Progesterone is essential for the regulation of normal female reproductive functions. Also in the brain, its neurobehavioral expression is associated with sexual responsiveness (Genazzani et al. 2000) and in the bone prevention of bone loss (Balasch 2003). The present study showed that MSG decreased serum progesterone levels in MSG-treated pregnant rats at the 7th and 14th days of gestation. Similar results were obtained by Abu Elnaga et al. (2019) who reported that MSG increased the incidence of abortion after the reduction of progesterone hormone due to atrophic action of MSG on the ovary. In contrast at the 19th day of gestation, serum progesterone level showed a significant increase in the high MSG-treated group only. The progesterone level should be down-regulated at the end of the gestation period due to sensitization with estradiol receptors that prepare the uterus for oxytocin action and delivery (Leavitt et al. 1985). The herein results demonstrated that a high MSG-dose could impair the delivery and action of oxytocin due to failure of progesterone down-regulation at the end of gestation. This point may provide a future prospective research point.

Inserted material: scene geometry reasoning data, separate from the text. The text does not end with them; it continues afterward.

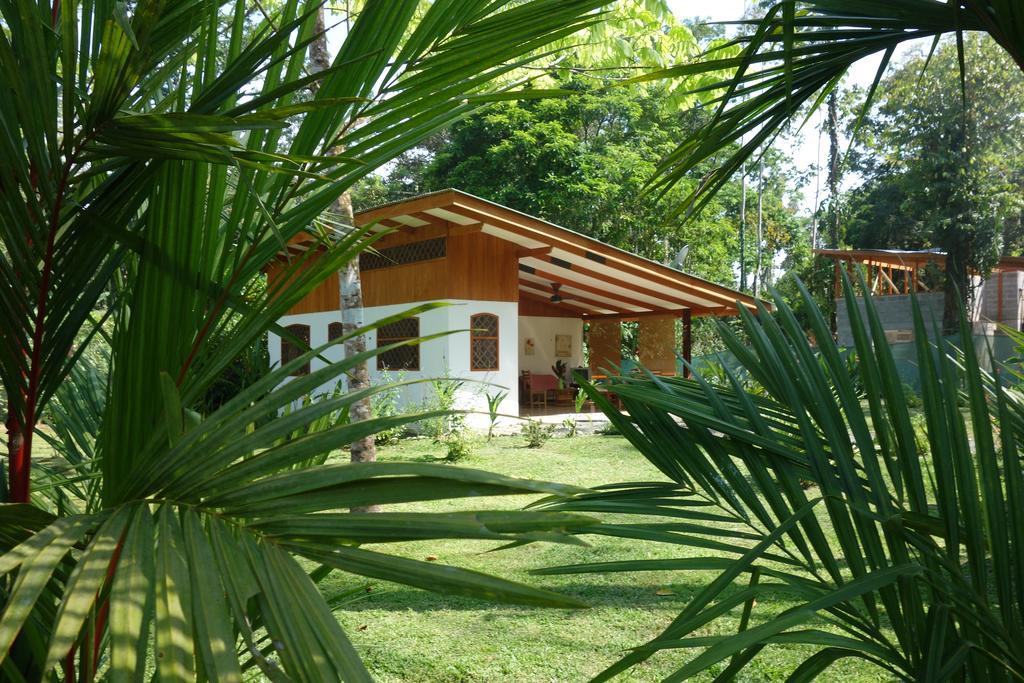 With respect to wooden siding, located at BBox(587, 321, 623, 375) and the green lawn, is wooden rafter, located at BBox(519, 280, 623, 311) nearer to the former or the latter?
wooden siding, located at BBox(587, 321, 623, 375)

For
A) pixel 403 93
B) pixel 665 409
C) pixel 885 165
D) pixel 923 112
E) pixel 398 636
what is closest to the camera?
pixel 403 93

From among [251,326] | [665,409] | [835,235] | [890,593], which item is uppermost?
[835,235]

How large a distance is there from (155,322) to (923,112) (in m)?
31.9

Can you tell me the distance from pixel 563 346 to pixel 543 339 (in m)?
0.62

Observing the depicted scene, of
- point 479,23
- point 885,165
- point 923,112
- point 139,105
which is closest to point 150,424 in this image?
point 139,105

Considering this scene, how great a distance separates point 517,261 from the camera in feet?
46.4

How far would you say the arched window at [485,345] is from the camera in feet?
44.1

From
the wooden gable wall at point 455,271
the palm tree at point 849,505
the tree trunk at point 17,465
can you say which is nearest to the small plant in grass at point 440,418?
the wooden gable wall at point 455,271

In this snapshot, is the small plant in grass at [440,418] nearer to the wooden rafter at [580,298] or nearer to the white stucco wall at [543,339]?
the wooden rafter at [580,298]

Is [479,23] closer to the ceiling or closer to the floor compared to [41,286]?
closer to the ceiling

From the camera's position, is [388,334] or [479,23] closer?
[479,23]

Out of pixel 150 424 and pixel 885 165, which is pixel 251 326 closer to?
pixel 150 424

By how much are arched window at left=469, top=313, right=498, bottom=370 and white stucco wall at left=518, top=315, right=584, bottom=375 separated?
553 centimetres

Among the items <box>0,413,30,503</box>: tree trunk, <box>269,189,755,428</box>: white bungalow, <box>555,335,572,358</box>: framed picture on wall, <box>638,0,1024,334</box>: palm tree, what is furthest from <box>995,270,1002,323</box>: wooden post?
<box>0,413,30,503</box>: tree trunk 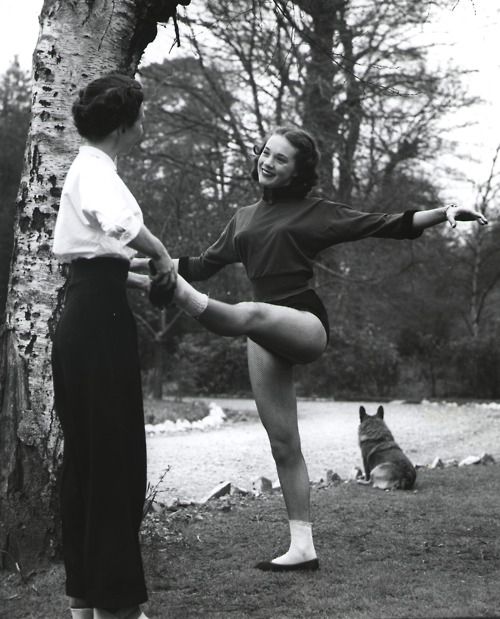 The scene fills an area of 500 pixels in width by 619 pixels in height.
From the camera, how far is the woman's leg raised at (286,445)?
3.61m

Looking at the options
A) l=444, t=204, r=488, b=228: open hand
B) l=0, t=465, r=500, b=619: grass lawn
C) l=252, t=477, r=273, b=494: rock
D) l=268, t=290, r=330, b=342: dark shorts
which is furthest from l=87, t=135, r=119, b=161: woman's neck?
l=252, t=477, r=273, b=494: rock

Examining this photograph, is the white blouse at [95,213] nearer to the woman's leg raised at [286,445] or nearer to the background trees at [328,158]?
the woman's leg raised at [286,445]

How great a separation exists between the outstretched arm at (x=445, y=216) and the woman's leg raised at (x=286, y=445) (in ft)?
2.99

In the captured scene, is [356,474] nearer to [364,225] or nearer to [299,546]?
[299,546]

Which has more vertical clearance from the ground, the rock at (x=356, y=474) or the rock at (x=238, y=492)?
the rock at (x=356, y=474)

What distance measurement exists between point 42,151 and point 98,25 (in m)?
0.74

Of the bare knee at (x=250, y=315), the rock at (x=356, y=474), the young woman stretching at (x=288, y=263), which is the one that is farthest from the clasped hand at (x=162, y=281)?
the rock at (x=356, y=474)

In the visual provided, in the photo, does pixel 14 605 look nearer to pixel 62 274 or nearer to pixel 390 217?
pixel 62 274

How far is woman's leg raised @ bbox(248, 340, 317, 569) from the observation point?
3.61 metres

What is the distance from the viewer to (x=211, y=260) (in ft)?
12.4

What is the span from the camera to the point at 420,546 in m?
4.12

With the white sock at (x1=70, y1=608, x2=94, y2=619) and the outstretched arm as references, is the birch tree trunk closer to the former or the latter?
the white sock at (x1=70, y1=608, x2=94, y2=619)

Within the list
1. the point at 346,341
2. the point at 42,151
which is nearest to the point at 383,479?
the point at 42,151

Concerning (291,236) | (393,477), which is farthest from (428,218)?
(393,477) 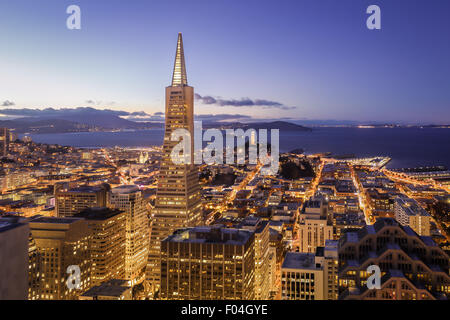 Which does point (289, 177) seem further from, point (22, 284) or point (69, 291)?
point (22, 284)

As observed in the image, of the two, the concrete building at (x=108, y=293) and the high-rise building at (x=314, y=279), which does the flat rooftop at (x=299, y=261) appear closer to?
the high-rise building at (x=314, y=279)

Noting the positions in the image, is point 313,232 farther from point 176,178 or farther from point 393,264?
point 393,264

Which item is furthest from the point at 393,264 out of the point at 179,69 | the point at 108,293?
the point at 179,69

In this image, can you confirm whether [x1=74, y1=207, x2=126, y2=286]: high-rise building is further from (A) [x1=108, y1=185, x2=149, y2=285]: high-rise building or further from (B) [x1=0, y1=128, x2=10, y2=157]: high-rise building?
(B) [x1=0, y1=128, x2=10, y2=157]: high-rise building

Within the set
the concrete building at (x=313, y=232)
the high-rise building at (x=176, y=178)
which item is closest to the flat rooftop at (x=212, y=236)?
the high-rise building at (x=176, y=178)

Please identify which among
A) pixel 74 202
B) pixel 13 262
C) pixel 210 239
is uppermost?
pixel 13 262

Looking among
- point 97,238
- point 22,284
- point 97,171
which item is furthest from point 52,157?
point 22,284
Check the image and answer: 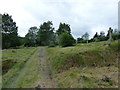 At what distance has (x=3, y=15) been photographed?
1391 inches

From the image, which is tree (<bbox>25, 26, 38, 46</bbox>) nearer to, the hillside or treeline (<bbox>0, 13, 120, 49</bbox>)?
treeline (<bbox>0, 13, 120, 49</bbox>)

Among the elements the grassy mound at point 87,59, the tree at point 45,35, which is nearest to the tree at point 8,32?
the tree at point 45,35

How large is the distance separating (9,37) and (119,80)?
34.2 meters

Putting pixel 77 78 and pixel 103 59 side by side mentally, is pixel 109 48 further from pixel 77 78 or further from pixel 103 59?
pixel 77 78

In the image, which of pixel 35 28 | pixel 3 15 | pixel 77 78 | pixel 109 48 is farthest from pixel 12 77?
pixel 35 28

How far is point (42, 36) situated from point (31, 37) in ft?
21.9

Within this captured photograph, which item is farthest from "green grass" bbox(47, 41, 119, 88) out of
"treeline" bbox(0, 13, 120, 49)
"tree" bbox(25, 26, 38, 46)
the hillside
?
"tree" bbox(25, 26, 38, 46)

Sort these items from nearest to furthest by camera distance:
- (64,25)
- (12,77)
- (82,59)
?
(12,77), (82,59), (64,25)

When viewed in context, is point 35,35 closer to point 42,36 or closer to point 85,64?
point 42,36

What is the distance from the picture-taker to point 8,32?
34.9 meters

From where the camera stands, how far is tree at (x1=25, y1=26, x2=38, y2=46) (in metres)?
45.1

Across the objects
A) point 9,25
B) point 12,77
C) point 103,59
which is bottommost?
point 12,77

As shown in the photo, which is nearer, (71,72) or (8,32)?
(71,72)

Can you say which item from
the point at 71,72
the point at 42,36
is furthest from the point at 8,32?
the point at 71,72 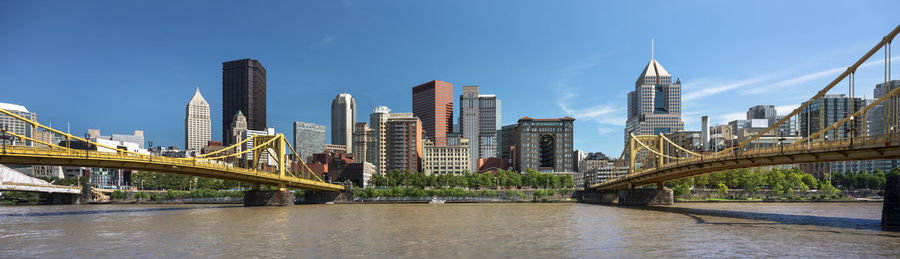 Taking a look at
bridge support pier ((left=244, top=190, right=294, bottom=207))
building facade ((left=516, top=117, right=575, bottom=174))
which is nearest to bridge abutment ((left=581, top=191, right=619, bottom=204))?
bridge support pier ((left=244, top=190, right=294, bottom=207))

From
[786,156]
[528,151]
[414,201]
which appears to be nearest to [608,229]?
[786,156]

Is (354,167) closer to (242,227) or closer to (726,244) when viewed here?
(242,227)

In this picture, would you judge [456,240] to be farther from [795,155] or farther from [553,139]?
[553,139]

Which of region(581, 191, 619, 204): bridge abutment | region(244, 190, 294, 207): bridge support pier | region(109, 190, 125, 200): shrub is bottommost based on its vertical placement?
region(109, 190, 125, 200): shrub

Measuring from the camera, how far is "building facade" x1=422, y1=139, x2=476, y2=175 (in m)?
194

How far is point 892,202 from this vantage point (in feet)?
123

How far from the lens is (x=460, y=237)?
33375 millimetres

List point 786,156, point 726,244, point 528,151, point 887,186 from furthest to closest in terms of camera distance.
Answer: point 528,151 → point 786,156 → point 887,186 → point 726,244

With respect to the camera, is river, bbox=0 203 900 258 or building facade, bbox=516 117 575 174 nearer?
river, bbox=0 203 900 258

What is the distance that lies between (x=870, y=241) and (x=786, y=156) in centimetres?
1466

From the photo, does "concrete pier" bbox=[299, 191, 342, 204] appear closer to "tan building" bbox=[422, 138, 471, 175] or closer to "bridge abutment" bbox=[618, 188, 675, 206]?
"bridge abutment" bbox=[618, 188, 675, 206]

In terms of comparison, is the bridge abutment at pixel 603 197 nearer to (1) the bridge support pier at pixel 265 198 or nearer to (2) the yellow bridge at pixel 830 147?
(2) the yellow bridge at pixel 830 147

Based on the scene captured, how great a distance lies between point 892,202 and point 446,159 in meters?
162

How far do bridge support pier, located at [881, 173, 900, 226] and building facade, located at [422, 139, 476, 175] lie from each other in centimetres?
15739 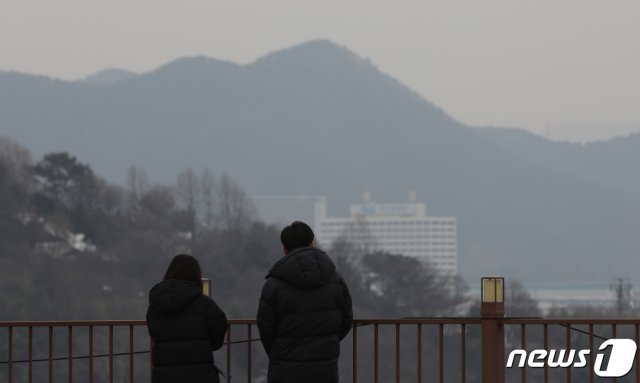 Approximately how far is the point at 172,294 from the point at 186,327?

The current study showed that treated groups showed down-regulation of Ghrelin in the placenta. Ghrelin is a gut hormone that activates its receptor, the growth hormone secretagogue receptor (GHS-R). Ghrelin controls bone formation and metabolism by modulating osteoblasts proliferation and differentiation (Delhanty et al. 2013, Pradhan et al. 2013). The observed delay in chondrification and ossification of some parts of the axial and appendicular fetal skeleton may be due to MSG-caused down-regulation of ghrelin in the placenta resulting in ghrelin disability to control fetal bone formation.

In conclusion, the present study demonstrated that pregnant rats treated with different doses of MSG at the 1st–18th days of gestation showed that MSG significantly induces many alterations in the morphological, histological, and physiological parameters under investigation. MSG was able to pass through the placenta and cause teratogenic effects on the developing fetuses as well as its pregnancy-threatening effect via altering progesterone levels. This study recommends that the uptake of MSG during pregnancy should be decreased to a minimal level due to its hazardous effects on pregnant mothers, which puts their fetuses at high risk of malformation.